● **YOUR INSTRUCTIONS**
Among the entries below, extract exactly the lines that run from the one with "Generator de curent" through the one with "of Cassper Nyovest is EXTRAVAGANT", both ends included.

● **DATA RECORDS**

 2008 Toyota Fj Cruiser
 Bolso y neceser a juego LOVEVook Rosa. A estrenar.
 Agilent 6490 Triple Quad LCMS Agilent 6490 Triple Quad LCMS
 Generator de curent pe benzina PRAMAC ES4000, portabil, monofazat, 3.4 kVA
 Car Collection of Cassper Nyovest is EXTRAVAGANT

==

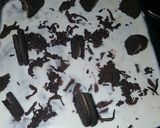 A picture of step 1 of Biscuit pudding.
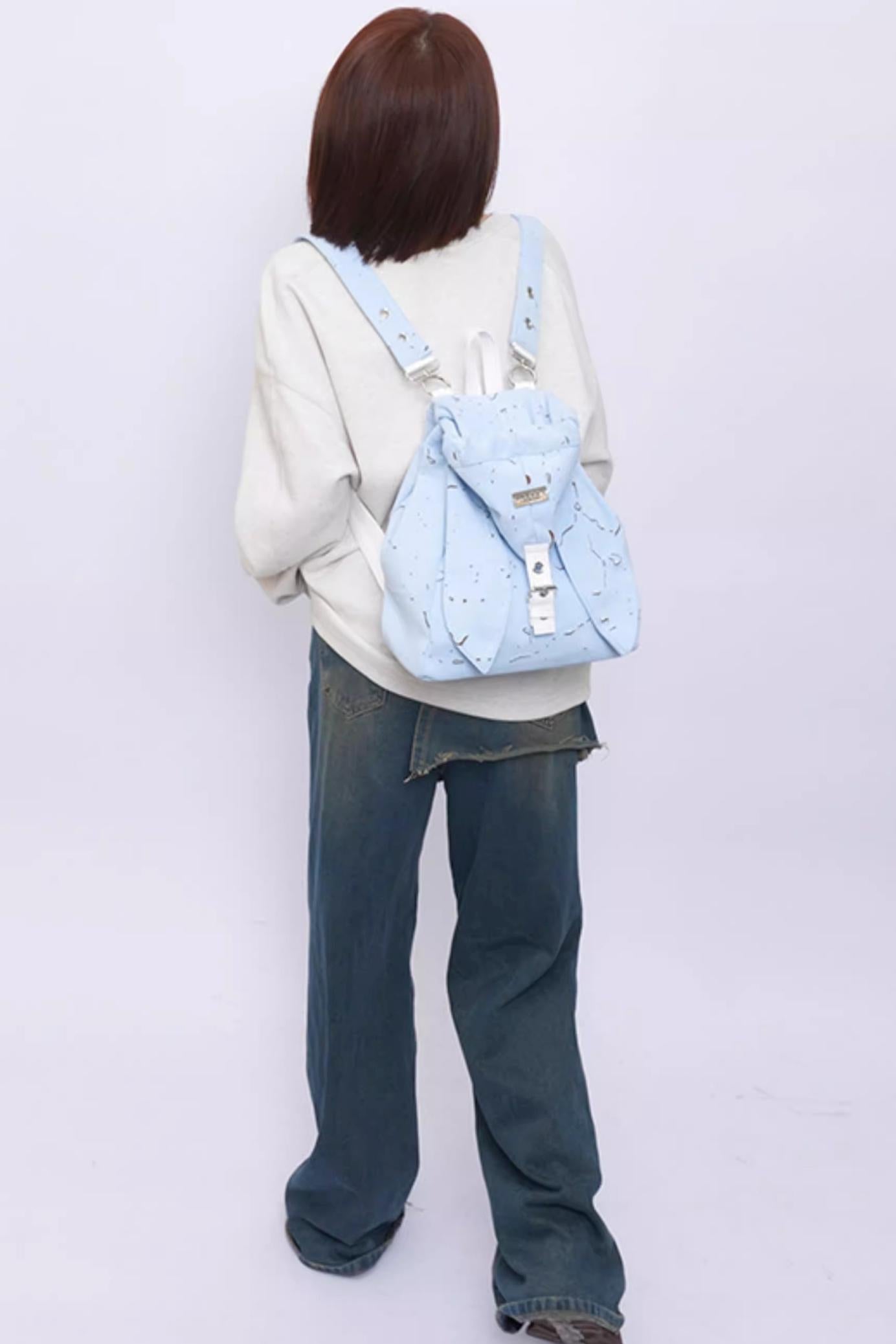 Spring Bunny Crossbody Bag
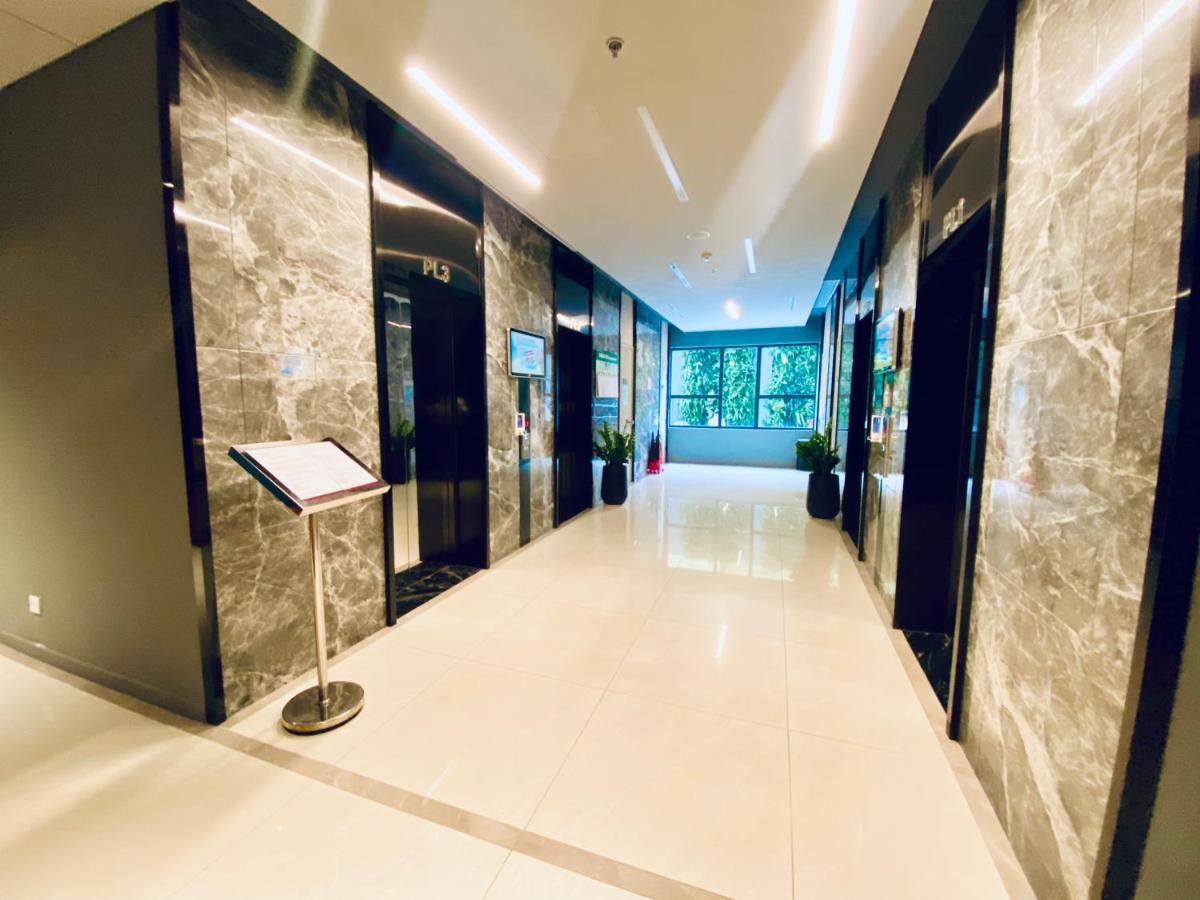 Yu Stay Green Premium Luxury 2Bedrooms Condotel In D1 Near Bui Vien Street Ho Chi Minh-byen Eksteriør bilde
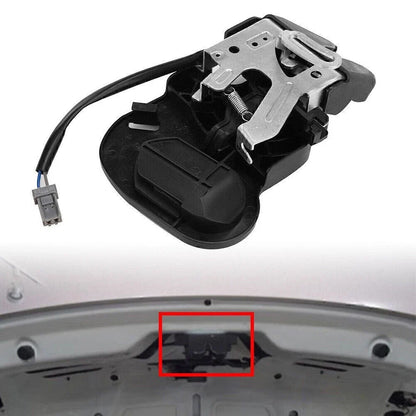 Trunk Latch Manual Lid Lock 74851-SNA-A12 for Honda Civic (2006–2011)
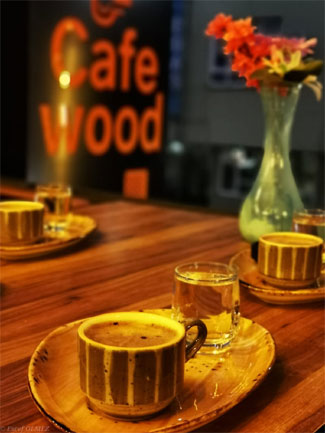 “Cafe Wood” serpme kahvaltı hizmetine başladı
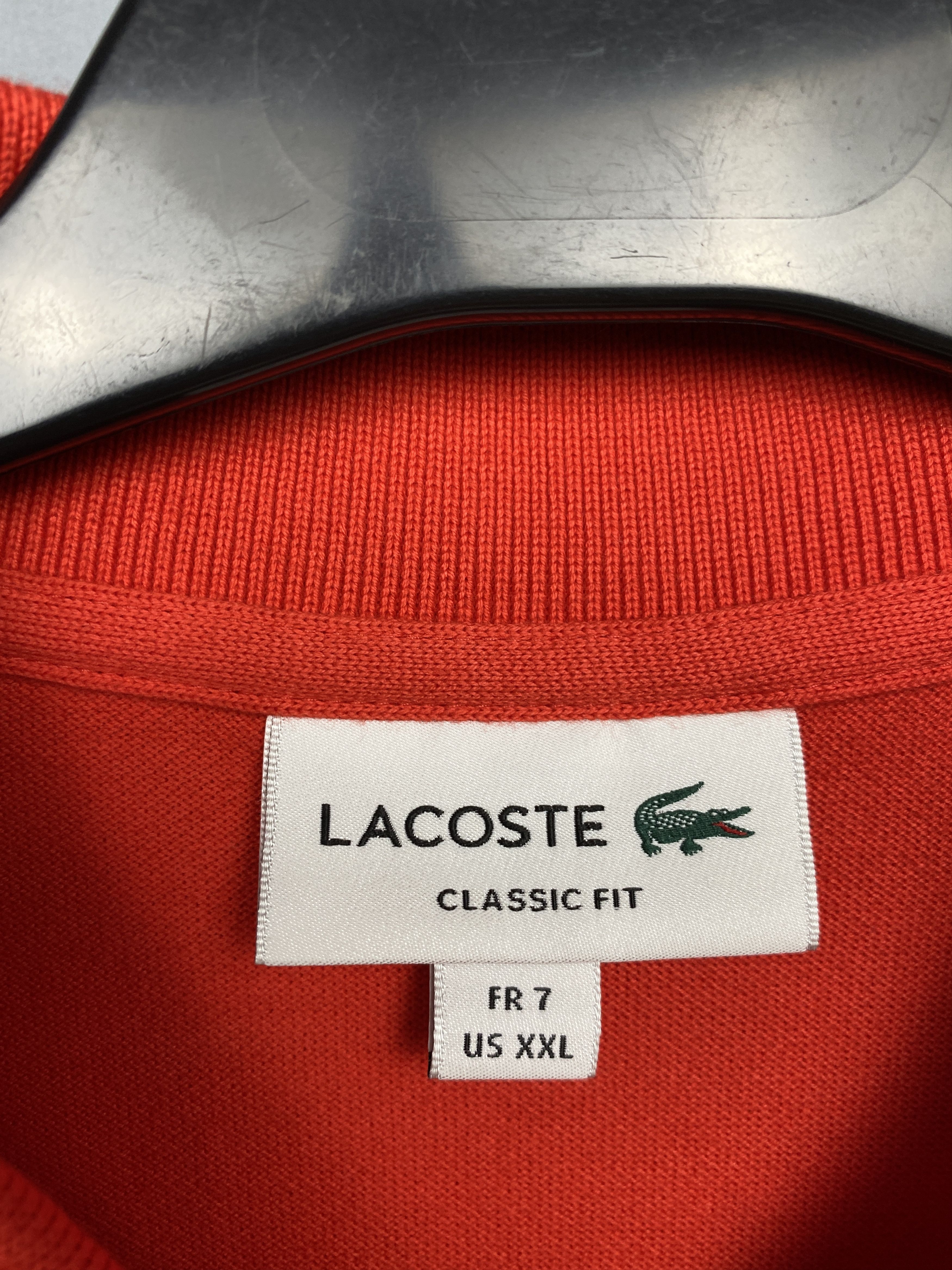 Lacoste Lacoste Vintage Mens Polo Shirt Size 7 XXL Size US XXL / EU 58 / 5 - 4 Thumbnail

---

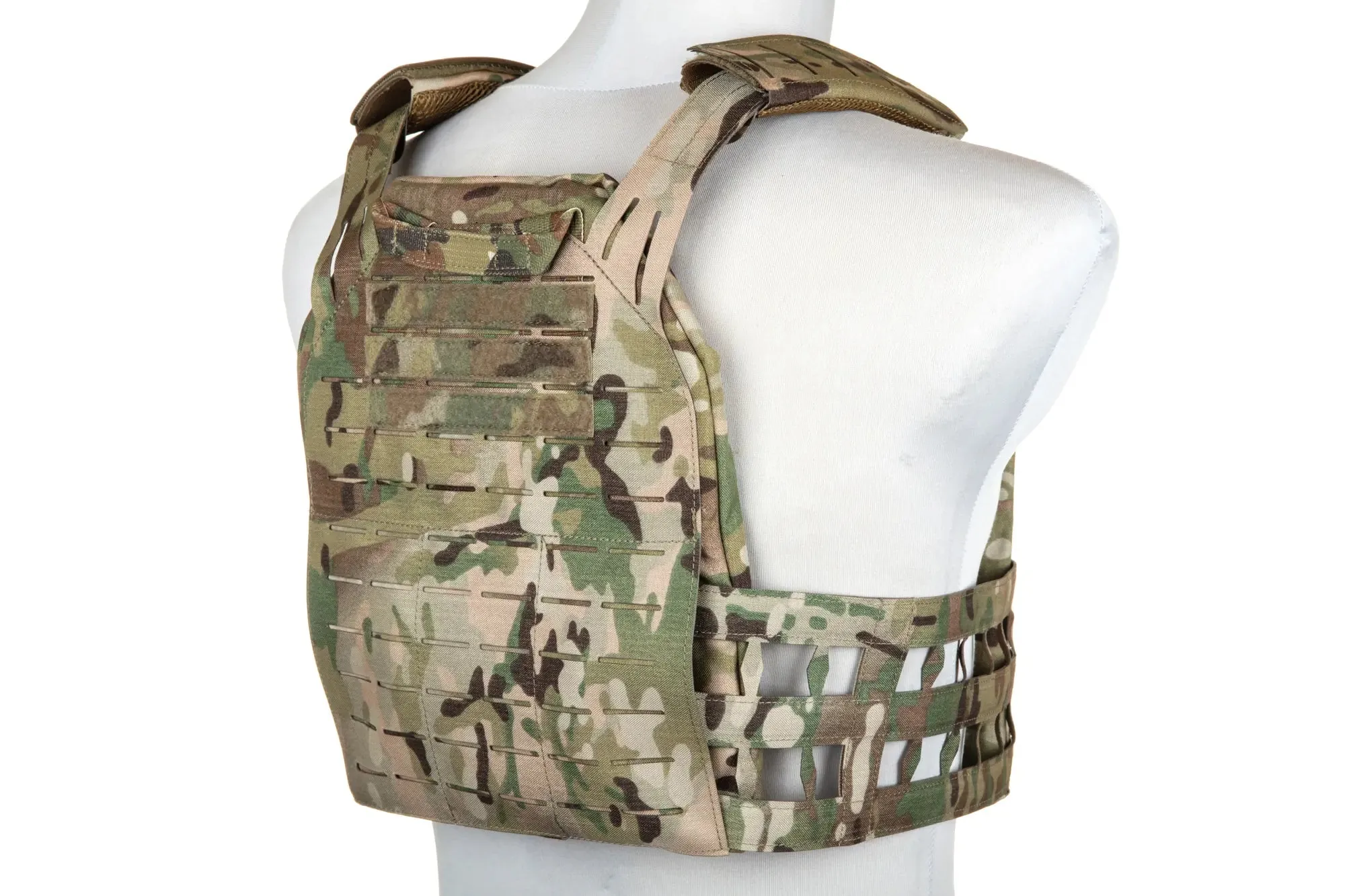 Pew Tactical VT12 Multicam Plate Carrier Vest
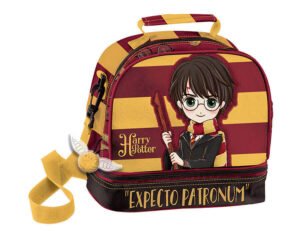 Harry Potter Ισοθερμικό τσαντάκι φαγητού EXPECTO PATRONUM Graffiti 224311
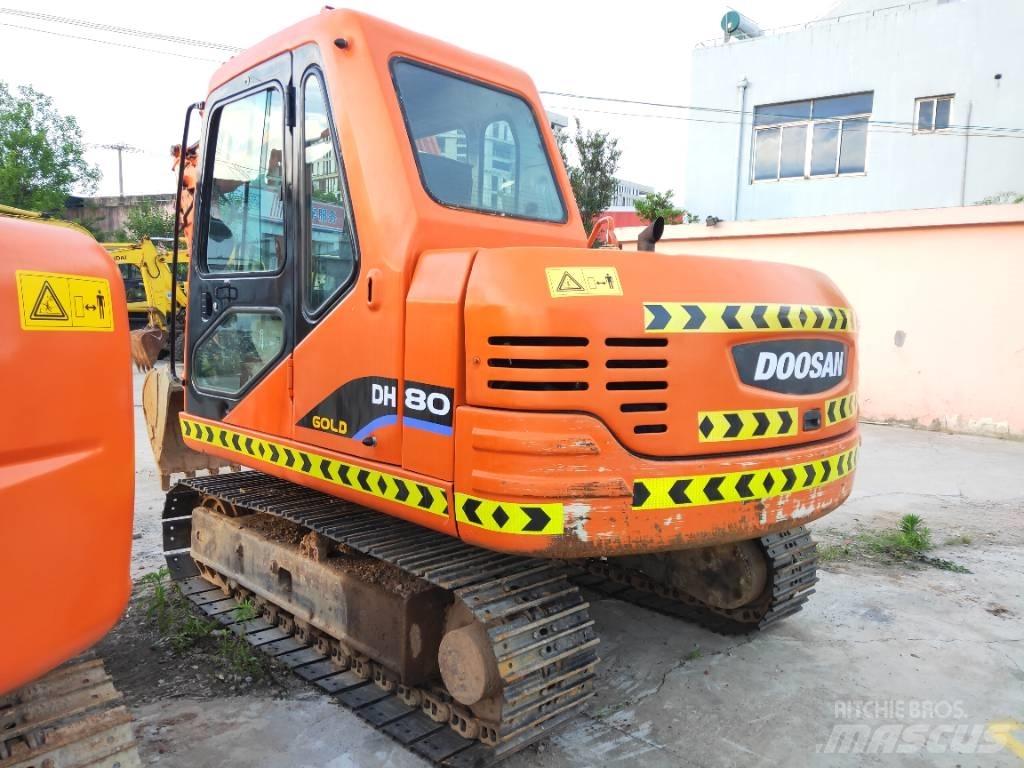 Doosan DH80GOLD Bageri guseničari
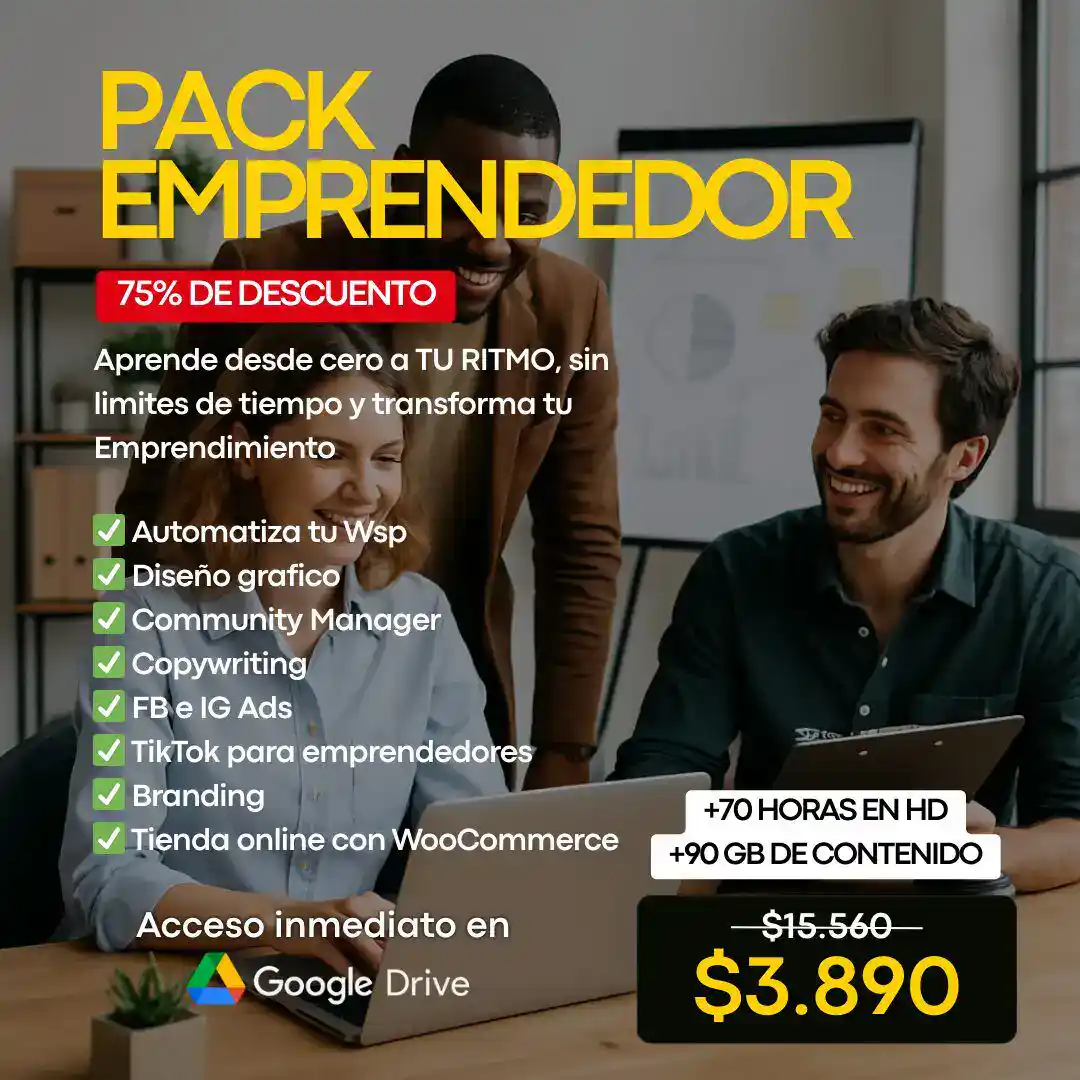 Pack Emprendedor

● **RESULT FOR THIS EXERCISE**
 Generator de curent pe benzina PRAMAC ES4000, portabil, monofazat, 3.4 kVA
 Car Collection of Cassper Nyovest is EXTRAVAGANT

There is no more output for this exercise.